#### [Description of the task]
Word for word, output the data, with none of its pictures.

#### [Data extracts]
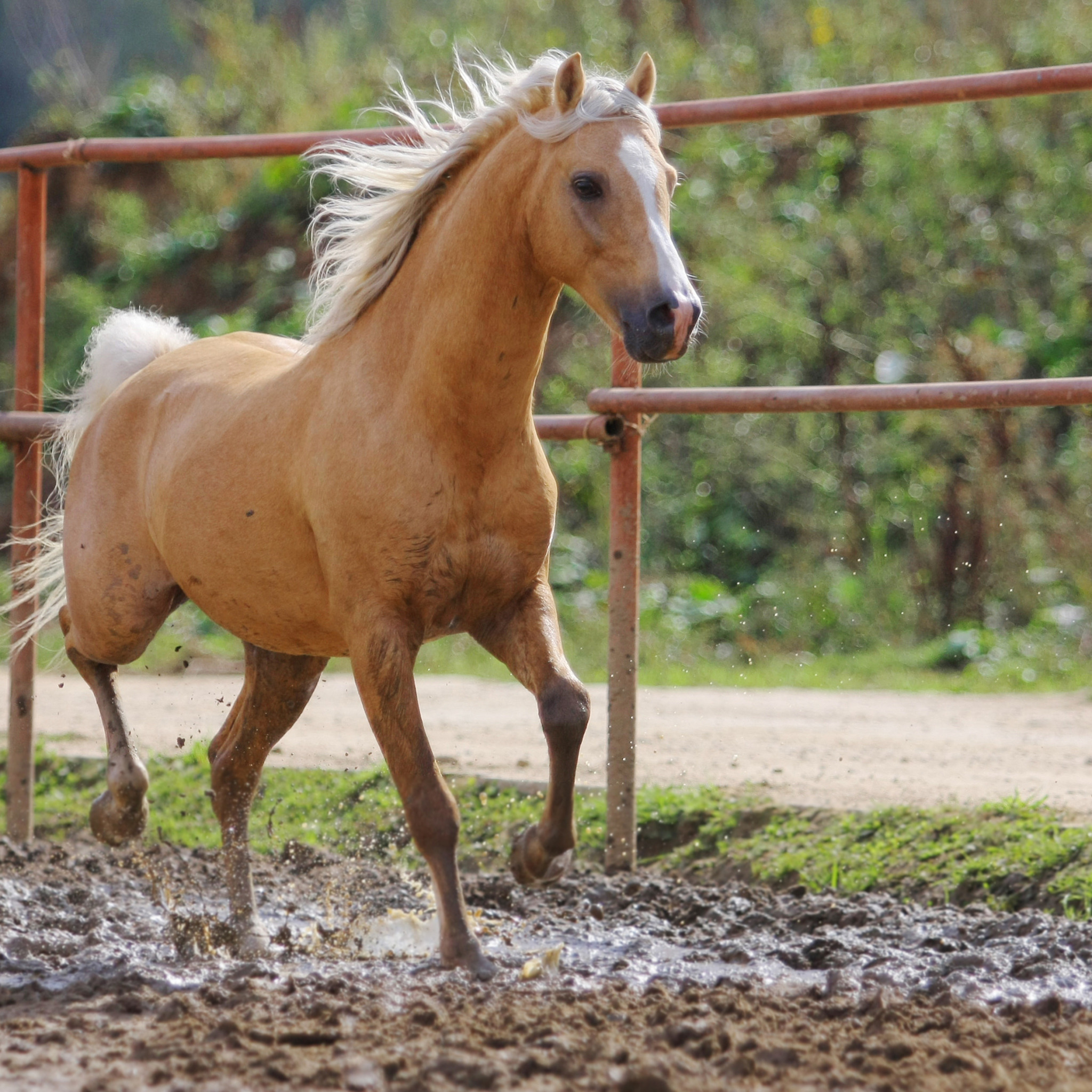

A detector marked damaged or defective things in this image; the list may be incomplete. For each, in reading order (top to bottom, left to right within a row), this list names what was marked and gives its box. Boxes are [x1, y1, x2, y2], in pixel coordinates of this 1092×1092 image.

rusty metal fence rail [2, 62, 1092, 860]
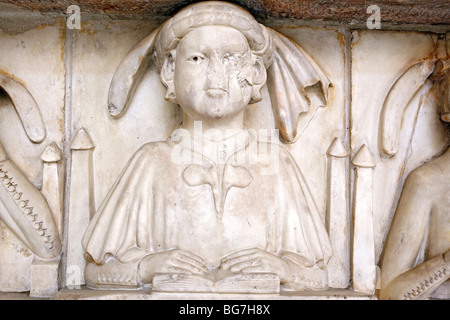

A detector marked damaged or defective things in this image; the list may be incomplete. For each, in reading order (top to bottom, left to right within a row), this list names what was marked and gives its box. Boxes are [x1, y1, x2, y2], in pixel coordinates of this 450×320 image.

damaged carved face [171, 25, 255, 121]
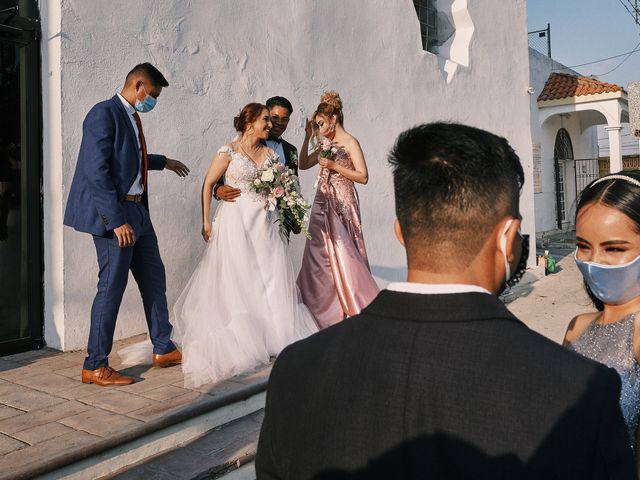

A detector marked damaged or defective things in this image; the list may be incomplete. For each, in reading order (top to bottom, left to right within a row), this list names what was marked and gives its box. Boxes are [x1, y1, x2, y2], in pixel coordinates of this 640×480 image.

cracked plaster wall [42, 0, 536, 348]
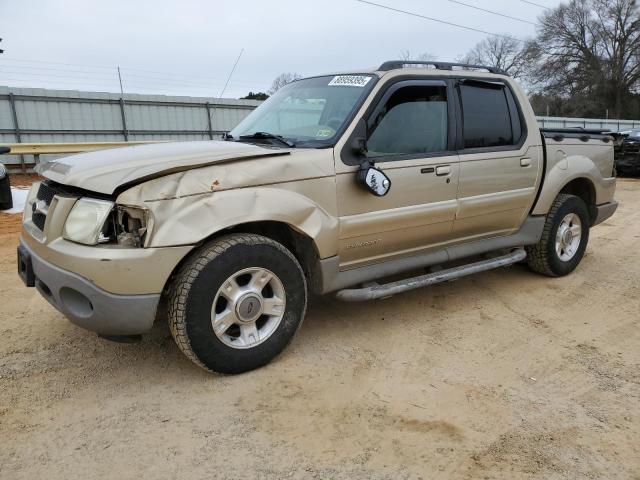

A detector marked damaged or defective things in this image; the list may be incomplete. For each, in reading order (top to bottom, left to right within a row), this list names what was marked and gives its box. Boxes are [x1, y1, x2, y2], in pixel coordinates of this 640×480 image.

#### [Completed exercise]
A detector marked damaged or defective things in this image; the list may be incomplete. For each, in reading order (top to bottom, left to right within a row), this list names what was marked and gives its box. Boxes are [x1, y1, x2, y2], in pixel coordinates of this 1092×1092 image.

rusty metal fence rail [2, 62, 1092, 860]

A detector marked damaged or defective things in this image; the list may be incomplete. For each, in reading order (top to bottom, left to right within a row), this list names what was marked and gives its box. Boxes are [x1, y1, x2, y2], in pixel coordinates of this 450×320 image.

damaged carved face [171, 25, 255, 121]

A detector marked damaged or defective things in this image; the list may be incomplete. For each, in reading order (top to bottom, left to right within a row), this list names what was marked and gives its box. Boxes are [x1, y1, x2, y2], in pixel coordinates of this 640×480 image.

cracked plaster wall [42, 0, 536, 348]

A detector marked damaged or defective things in this image; the list may be incomplete. For each, in reading order (top to bottom, left to right within a row), this list names what was marked and gives its box. Boxes are [x1, y1, x2, y2], in pixel coordinates of this 640×480 image.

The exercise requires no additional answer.